Ok, I am new at this as well, how deep is too deep for a spring bobber and time for a slip bobber? and what types of slip bobbers does everyone like to use? 

Salmonid


----------



## peon (Feb 28, 2005)

all 5 of my rods have spring bobbers.. 4 are the old metal style and my new panfish popper has the actual spring


----------



## papaperch (Apr 12, 2004)

A spring bobber has a lot to do with your lure action. While it does a fine job of strike detection it also permits your lure to react more naturally when jigging or swimming it. When using live minnow I prefer a float just big enough to hold the minnow from sinking the float. I usually rig my deadstick with a float. The sping bobber equipped one rarely leaves my hand.


----------



## tomb (Oct 9, 2004)

I like these for my deadstick: http://www.thornebros.com/winter/tackle/icefloats/todays_icebuster.html

Don't be shocked at how much you cut off the 3.5" one to just float a minnow and BB split shot, only about 1" of foam left.


----------



## Buckeye Mike (Jan 4, 2007)

Tightline 99.9 percent of the time, and then will use the spring for panfish.
First read about the tightline method, in In-Fisherman by Dave Genz, tried it and liked it. Does help to have a sensitive rod, but if you use a Vexalar or any flasher, it does put you on alert mode and makes it easier to feel the bite or see the line move. Even showed the grandson how to fish this way last ice season, and he did real good, for his first time on the ice.


----------



## hardwaterfan (Apr 6, 2004)

i always use spring bobbers for panfish but they dont work too well outside of a shanty. inside a shanty spring bobbers are awesome. outside they freeze up first time you reel in and the wind blows them around too much. if im fishing for walleyes i dont use any kind of bobber. its spring bobbers or nothing for me. 

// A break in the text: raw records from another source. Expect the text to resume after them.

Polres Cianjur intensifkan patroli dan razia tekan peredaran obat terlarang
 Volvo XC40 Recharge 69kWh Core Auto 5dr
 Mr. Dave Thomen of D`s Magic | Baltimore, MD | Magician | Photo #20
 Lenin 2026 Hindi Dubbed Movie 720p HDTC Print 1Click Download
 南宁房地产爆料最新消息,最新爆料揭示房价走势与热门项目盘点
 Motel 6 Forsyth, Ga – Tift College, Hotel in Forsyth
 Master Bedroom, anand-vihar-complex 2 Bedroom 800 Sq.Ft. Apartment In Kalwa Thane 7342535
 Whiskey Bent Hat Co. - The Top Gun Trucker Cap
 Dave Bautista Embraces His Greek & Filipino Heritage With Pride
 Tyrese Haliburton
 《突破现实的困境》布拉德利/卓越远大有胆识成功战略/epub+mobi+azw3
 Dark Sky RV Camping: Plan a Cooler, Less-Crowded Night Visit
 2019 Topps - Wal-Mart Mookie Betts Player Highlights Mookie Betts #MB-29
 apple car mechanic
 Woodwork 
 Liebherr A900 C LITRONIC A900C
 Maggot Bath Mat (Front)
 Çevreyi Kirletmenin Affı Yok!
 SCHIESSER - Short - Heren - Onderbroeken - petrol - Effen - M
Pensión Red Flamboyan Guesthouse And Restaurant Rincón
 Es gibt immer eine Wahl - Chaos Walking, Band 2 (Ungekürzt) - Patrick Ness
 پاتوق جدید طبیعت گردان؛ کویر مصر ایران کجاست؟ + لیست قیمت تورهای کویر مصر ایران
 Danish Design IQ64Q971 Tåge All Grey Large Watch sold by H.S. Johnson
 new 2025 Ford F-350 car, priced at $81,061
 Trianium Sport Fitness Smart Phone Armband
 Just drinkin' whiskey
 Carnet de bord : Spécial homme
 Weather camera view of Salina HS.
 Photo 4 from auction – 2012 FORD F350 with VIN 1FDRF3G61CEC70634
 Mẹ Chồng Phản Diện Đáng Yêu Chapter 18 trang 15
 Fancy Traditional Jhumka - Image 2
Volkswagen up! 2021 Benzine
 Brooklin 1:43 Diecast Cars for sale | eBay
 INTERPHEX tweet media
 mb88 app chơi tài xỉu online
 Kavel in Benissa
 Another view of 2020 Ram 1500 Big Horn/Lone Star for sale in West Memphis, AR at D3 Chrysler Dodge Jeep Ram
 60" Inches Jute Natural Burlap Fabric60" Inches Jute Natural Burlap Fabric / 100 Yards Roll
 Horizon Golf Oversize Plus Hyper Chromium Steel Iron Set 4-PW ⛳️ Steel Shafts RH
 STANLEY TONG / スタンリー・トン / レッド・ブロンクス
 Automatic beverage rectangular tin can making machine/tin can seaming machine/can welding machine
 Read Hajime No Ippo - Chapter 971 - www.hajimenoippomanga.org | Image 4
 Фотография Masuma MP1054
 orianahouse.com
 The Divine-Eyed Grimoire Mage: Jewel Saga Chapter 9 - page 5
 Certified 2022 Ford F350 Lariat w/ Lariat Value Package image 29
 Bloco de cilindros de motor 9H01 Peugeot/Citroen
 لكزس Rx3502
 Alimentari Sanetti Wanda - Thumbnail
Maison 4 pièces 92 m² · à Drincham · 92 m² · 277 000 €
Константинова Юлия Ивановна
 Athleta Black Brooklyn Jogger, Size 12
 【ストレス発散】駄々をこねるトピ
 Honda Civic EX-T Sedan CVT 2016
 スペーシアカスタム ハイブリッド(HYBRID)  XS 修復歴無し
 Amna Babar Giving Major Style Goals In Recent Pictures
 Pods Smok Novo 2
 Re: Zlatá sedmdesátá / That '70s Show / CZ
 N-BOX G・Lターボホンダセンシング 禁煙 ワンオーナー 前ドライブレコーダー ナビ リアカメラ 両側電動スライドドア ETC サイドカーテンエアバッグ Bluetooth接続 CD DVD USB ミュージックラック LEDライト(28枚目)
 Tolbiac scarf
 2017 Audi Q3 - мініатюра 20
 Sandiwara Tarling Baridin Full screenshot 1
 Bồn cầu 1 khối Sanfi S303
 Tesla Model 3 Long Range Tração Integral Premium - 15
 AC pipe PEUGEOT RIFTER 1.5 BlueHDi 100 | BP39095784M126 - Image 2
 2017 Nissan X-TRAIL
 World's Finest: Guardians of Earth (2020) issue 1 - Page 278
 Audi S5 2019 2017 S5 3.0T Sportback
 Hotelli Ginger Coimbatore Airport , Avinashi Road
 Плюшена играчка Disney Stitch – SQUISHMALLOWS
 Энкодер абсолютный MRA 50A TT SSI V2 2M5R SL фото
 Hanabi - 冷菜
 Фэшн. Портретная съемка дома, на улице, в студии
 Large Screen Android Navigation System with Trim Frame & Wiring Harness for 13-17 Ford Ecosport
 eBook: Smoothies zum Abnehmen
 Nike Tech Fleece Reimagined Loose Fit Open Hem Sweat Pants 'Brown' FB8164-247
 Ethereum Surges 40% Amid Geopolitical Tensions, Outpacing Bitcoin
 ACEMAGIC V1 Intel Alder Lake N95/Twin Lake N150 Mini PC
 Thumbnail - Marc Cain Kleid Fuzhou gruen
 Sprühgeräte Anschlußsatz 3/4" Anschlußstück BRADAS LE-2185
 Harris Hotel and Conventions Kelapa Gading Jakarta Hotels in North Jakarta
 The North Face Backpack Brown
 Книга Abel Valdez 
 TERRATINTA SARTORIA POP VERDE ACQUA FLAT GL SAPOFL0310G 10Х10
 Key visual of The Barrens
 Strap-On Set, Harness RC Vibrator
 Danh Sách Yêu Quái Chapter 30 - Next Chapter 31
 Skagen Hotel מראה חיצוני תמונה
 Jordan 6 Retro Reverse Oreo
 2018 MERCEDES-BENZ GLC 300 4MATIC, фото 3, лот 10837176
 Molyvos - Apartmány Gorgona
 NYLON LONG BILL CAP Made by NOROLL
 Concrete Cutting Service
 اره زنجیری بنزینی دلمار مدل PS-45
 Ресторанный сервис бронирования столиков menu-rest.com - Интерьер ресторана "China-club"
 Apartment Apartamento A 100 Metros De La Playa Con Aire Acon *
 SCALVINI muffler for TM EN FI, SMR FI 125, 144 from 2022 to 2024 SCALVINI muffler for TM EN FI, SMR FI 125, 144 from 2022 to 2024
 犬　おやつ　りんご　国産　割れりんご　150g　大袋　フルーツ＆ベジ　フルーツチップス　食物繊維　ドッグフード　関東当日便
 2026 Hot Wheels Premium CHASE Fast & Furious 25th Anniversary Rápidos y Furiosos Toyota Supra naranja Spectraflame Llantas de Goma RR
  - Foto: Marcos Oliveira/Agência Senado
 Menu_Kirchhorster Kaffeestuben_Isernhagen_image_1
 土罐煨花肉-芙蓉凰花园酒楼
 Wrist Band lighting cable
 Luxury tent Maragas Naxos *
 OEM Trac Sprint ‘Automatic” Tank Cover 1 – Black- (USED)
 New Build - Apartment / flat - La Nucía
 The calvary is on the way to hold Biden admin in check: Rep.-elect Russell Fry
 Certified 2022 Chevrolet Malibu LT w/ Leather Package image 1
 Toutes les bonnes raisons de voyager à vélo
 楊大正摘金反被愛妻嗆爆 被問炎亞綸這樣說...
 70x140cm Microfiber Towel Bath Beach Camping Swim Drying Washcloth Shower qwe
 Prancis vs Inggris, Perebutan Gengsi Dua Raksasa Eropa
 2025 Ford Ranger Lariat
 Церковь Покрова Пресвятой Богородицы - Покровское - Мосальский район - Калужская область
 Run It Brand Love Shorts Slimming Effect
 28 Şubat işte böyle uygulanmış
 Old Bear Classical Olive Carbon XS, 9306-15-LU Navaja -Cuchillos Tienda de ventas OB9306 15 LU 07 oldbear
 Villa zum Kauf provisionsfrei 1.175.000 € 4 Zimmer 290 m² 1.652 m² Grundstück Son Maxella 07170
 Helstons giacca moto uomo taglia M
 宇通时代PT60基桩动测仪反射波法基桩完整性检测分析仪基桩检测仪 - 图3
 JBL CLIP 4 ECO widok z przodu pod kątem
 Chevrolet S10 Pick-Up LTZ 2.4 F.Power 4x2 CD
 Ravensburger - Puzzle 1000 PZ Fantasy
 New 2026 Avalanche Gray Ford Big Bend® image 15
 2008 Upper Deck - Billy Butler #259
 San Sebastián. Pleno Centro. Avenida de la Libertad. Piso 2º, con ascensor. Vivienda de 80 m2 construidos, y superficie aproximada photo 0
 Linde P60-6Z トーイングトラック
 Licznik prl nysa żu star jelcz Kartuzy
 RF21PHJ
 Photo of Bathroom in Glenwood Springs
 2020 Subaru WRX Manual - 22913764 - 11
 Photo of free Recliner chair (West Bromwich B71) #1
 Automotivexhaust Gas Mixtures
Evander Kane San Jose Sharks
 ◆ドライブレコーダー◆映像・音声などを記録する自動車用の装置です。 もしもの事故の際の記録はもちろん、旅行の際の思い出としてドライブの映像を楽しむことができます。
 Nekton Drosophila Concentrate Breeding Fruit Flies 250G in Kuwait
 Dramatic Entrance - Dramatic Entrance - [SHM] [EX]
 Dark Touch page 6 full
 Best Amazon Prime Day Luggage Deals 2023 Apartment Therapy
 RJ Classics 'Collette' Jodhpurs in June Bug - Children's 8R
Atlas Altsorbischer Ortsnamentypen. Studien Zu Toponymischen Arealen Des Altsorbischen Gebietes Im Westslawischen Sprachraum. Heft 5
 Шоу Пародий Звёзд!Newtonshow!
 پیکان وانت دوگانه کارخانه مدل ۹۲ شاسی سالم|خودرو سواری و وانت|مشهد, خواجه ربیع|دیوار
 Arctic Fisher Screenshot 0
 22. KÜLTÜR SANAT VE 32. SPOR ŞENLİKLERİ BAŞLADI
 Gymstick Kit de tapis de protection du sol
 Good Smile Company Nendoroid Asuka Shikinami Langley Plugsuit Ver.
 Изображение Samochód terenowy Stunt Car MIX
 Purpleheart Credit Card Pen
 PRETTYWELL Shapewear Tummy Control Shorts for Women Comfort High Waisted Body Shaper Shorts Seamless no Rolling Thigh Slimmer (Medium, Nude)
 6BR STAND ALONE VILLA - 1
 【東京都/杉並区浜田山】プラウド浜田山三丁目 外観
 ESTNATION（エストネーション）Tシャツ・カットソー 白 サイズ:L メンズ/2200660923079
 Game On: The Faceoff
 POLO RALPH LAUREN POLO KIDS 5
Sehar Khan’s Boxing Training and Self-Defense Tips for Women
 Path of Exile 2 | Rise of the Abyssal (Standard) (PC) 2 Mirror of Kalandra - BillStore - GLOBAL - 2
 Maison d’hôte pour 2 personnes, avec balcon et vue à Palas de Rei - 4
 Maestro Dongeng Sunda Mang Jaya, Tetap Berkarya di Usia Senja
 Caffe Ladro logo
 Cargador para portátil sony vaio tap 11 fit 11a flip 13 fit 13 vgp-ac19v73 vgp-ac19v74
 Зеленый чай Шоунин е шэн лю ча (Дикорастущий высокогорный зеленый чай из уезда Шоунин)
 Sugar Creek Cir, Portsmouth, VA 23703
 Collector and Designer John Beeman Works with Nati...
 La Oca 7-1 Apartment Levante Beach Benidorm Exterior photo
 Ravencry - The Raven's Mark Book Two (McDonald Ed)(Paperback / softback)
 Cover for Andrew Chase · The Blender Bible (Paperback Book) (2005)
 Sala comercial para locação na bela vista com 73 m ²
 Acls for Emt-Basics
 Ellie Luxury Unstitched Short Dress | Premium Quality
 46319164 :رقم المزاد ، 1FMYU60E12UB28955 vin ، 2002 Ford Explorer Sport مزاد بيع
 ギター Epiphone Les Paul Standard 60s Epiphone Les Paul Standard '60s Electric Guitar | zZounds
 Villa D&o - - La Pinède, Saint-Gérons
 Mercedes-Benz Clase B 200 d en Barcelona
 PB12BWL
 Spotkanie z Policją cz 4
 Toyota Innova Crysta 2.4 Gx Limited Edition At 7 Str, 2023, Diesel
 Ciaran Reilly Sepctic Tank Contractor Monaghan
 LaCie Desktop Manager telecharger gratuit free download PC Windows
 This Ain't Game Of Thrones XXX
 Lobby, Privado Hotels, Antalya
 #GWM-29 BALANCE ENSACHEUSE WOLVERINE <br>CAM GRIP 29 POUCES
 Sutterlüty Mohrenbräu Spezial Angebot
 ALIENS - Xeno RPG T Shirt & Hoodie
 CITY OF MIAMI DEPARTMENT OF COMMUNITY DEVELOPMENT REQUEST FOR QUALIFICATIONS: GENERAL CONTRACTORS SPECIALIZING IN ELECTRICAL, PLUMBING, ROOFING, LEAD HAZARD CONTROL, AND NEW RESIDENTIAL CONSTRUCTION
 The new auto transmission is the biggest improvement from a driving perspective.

i used to use thill bobbers with stops, they worked real well. the stops were small rubber dots, i used to thread them on the line first thing in the season, then leave them on for the rest of the year. when you need them just move them into position.


----------



## erieflyguy (Dec 6, 2007)

I use tiny strike indicators made for fly fishing and bobber stops for 99&#37; of my ice fishing.


----------



## mrphish42 (Jan 24, 2008)

I have been known to use all but the "spring bobber and bobber combo". HWFAN.......Covered things very well, outside conditions and all....pro/con. His mention of using the rubber style "stops" is what I did (since they first came out).....but when I switched to "SUPER LINES" and "MICRO'S" for ice fishing......I quickly found that they moved on the line (because super lines are so slick finshed) and would not stay in place and you reeled in your line. As the "rubber stop" hits the tip guide at a slight angle (it would stay put) and as you reel up your line slips right thru and constantly changes the depth setting you had pre-set....and you had to reset the depth every time you reeled in a fish....So to solve that problem....I found that the tiny plastic "BOBBER STOPS" called "GIZMO'S.....worked much better on the slipping problem.....THE Rubber Stops are pretty much designed to work better with MONO and they do the job on it.......Also if you are fishing outside a shanty....and have ice build up in your guides "bobber stops are going to slide when they hit the obstruction (ice particles)....THE ONLY REASON I WENT IN TO THIS WAS....FOR THE NEW OR NEWER ICE FISHERMAN THIS LITTLE ITEM CAN BE A PAIN IN THE A$$ to figure out.......and alot of guys that like to bobber fish.....like to use slip bobbers..........Jon Sr.


----------



## powerstrokin73 (May 21, 2008)

ok mrphish where can i find these i'm using the 1lbtest fireline thats.25lb test dia. and i'm having troubles with bobbers love the line though takes almost 10 lbs to break a foot long piece and its almost invisible in the water and super sensitive


----------



## mrphish42 (Jan 24, 2008)

PS73(Evin).......last ones I found were at Novembers (before they moved from Mog)...I'm going to check with Mark to see if he can get some (if he doesn't already have some).....I'll cover you either way.....to get you started......see ya later..........Jon Sr..... PS...For anyone else that is interested......THEY ARE MADE BY RAINBOW PLASTICS AND ARE CALLED "GIZMO BOBBER STOPS'.........Jon Sr.


----------



## powerstrokin73 (May 21, 2008)

found them on Cabela's too 2.99 for 50


----------



## powerstrokin73 (May 21, 2008)

GIZMO bobber stops


----------



## mrphish42 (Jan 24, 2008)

PS73......thats them and thats one hell of a better price than you can find them here for......looks like one of those things that it's much/much better to order on line. So on this one as they say "LET YOUR FINGERS DO THE SHOPIN".............Jon Sr.


----------



## powerstrokin73 (May 21, 2008)

even with shippin cost though??? i just calculated it almost 8 bucks shipped to my door. darn flat rate shippin from cabela's 4.95 for shipping!!! put it in an envelope and mail it for peets sake


----------



## mrphish42 (Jan 24, 2008)

Yes......even with the shippin.....The packs I bought only came on cards to the bait shops where I got them................and there were only 4 Gizmo's in a pack for between a buck to a buck and a half.....But better still.....hold off, cause as we we talkin (PM's) about this new 1/4 # test stuff.....seeing just how that one flies.......I'll get you some to try first, when I see you at Marks....thats even better....catch ya later.....Jon Sr.


----------



## bassmastermjb (Apr 8, 2004)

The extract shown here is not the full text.